Please output the data below exactly as given, starting at its first line and stopping after the line that contains "Photo of Kitchen in Fort Gary".

-*-*-

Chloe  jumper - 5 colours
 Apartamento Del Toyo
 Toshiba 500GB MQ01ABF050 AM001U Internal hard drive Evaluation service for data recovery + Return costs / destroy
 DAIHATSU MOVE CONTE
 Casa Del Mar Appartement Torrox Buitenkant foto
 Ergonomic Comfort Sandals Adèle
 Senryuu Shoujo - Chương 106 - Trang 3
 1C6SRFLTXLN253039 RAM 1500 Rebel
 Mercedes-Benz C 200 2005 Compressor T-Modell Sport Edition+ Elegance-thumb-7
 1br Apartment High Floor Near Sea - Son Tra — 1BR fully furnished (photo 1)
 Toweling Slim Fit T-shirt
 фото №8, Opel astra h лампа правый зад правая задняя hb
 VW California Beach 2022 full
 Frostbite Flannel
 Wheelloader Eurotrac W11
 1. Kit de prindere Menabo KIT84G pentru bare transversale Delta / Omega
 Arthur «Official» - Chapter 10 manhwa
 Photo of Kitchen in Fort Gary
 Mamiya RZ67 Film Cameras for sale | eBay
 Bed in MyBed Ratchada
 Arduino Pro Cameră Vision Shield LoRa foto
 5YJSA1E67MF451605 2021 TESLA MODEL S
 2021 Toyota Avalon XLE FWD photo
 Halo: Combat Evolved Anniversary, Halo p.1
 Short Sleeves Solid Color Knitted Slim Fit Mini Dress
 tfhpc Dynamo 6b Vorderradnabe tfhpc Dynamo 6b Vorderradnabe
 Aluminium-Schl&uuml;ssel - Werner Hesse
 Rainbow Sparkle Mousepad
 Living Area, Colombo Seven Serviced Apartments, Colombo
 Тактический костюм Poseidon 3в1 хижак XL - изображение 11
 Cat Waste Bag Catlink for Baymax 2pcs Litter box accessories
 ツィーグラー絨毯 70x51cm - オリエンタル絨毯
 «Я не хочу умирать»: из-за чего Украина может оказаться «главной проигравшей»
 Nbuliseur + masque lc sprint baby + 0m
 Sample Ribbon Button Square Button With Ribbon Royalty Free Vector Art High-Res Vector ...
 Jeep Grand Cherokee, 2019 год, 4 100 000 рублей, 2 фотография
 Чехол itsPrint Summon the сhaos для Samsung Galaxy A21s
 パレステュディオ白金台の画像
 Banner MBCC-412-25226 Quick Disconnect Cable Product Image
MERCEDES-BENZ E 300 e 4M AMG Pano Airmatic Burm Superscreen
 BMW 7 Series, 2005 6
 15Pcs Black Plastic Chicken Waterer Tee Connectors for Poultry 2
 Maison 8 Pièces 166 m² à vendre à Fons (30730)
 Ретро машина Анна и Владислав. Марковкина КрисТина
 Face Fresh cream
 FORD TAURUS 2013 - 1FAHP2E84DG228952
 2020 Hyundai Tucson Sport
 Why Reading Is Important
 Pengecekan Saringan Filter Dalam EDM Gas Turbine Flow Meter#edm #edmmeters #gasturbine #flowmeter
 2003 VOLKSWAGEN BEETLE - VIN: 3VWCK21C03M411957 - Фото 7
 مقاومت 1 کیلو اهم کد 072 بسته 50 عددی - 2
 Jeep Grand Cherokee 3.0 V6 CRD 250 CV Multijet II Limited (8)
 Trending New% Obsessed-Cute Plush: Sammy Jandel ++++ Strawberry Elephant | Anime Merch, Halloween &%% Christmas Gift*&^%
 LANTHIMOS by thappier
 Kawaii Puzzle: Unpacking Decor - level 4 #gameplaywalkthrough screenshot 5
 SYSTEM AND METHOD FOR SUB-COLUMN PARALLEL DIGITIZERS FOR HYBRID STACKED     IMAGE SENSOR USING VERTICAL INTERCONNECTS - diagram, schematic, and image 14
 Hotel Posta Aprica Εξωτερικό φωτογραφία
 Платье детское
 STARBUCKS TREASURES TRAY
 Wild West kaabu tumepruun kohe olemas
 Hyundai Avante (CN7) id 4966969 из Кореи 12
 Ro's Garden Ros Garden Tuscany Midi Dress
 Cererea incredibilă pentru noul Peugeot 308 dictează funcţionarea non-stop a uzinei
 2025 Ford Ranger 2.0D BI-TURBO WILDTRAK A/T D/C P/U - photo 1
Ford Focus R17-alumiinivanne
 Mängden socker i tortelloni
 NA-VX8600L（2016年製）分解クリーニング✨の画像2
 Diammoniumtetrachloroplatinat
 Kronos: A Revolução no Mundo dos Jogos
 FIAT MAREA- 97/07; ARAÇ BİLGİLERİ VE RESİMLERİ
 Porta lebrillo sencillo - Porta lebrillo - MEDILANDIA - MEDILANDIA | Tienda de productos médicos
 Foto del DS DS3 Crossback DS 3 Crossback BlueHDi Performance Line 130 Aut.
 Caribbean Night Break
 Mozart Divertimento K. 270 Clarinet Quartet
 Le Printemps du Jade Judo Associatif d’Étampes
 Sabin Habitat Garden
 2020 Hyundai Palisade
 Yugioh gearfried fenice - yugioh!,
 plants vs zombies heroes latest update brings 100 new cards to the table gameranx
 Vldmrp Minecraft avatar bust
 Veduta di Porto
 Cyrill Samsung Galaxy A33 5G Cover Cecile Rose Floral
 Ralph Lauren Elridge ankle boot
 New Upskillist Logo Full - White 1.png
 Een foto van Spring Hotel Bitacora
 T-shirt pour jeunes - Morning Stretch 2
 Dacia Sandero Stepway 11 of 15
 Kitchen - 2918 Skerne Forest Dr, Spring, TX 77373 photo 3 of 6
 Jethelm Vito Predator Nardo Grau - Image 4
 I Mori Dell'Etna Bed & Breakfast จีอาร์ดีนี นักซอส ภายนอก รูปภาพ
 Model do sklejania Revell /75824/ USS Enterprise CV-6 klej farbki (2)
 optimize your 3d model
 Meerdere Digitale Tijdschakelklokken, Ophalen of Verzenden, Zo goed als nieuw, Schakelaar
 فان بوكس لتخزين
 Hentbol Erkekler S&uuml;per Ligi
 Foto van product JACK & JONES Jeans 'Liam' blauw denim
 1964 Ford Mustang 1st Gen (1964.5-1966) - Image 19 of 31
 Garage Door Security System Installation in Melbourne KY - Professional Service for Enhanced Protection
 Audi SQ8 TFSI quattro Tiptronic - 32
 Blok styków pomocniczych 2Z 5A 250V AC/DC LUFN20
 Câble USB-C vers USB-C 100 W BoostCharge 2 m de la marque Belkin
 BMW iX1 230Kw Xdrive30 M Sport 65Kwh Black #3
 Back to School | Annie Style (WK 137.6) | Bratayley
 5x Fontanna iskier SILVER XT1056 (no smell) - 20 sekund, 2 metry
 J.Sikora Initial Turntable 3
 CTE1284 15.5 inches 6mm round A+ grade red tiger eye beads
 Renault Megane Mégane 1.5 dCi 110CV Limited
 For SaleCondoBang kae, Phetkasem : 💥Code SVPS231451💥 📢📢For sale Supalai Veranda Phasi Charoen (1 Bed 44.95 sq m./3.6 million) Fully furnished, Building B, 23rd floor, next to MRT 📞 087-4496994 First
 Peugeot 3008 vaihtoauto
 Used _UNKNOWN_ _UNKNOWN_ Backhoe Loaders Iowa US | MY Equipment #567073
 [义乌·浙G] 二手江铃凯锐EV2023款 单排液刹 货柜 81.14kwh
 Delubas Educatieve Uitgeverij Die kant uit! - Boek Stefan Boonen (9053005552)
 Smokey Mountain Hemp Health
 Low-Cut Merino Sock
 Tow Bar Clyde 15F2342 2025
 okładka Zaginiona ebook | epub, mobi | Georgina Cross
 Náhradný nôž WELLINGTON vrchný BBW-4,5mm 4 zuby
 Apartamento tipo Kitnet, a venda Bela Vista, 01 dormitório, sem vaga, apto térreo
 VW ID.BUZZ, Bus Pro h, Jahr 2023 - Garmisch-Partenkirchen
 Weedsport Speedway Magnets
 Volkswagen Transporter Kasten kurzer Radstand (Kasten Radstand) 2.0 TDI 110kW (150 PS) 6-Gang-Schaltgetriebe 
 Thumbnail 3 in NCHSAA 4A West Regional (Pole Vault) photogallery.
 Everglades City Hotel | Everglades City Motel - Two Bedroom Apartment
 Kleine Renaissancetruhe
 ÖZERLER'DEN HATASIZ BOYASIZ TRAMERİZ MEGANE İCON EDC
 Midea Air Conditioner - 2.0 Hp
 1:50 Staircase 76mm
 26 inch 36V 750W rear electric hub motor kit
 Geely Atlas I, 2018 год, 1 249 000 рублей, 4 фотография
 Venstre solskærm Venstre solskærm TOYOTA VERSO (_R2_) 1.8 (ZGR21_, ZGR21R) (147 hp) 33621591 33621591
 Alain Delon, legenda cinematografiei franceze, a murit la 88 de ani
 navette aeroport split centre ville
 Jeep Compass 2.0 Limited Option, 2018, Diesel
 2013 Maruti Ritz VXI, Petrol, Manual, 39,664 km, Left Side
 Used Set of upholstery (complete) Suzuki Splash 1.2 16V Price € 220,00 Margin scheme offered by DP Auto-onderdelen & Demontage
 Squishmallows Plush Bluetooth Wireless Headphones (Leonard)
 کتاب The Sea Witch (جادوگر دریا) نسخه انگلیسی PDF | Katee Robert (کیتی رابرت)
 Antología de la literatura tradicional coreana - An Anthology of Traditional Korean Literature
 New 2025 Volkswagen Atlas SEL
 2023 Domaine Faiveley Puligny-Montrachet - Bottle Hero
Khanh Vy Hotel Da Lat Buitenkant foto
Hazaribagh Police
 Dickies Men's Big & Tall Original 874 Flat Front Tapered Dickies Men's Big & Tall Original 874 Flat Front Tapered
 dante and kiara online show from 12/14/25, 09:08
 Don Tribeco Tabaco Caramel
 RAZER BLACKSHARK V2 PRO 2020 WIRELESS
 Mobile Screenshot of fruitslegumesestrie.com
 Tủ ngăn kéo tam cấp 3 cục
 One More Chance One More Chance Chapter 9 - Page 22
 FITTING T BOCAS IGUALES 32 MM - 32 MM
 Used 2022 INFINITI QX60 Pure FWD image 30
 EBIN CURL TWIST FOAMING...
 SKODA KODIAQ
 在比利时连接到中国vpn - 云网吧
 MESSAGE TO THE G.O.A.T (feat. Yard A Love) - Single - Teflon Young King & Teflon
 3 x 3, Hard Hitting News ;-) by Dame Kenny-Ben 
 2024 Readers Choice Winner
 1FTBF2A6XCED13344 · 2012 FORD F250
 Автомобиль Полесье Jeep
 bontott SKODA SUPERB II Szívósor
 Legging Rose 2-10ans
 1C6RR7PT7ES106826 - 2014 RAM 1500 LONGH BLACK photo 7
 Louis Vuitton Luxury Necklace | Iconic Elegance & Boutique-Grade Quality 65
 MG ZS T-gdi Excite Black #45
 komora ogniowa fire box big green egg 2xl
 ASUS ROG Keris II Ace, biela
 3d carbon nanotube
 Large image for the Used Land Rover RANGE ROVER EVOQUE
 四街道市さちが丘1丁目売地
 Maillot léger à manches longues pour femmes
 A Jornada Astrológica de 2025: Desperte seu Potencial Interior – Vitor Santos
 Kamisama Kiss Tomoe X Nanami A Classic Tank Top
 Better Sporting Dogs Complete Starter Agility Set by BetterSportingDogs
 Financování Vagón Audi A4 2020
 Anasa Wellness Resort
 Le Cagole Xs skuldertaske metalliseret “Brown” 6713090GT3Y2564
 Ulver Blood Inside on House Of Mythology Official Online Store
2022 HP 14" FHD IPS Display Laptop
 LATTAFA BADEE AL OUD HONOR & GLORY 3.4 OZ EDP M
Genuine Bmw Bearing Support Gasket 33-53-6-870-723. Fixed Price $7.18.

-*-*-

--- Exercise output ---
Chloe  jumper - 5 colours
 Apartamento Del Toyo
 Toshiba 500GB MQ01ABF050 AM001U Internal hard drive Evaluation service for data recovery + Return costs / destroy
 DAIHATSU MOVE CONTE
 Casa Del Mar Appartement Torrox Buitenkant foto
 Ergonomic Comfort Sandals Adèle
 Senryuu Shoujo - Chương 106 - Trang 3
 1C6SRFLTXLN253039 RAM 1500 Rebel
 Mercedes-Benz C 200 2005 Compressor T-Modell Sport Edition+ Elegance-thumb-7
 1br Apartment High Floor Near Sea - Son Tra — 1BR fully furnished (photo 1)
 Toweling Slim Fit T-shirt
 фото №8, Opel astra h лампа правый зад правая задняя hb
 VW California Beach 2022 full
 Frostbite Flannel
 Wheelloader Eurotrac W11
 1. Kit de prindere Menabo KIT84G pentru bare transversale Delta / Omega
 Arthur «Official» - Chapter 10 manhwa
 Photo of Kitchen in Fort Gary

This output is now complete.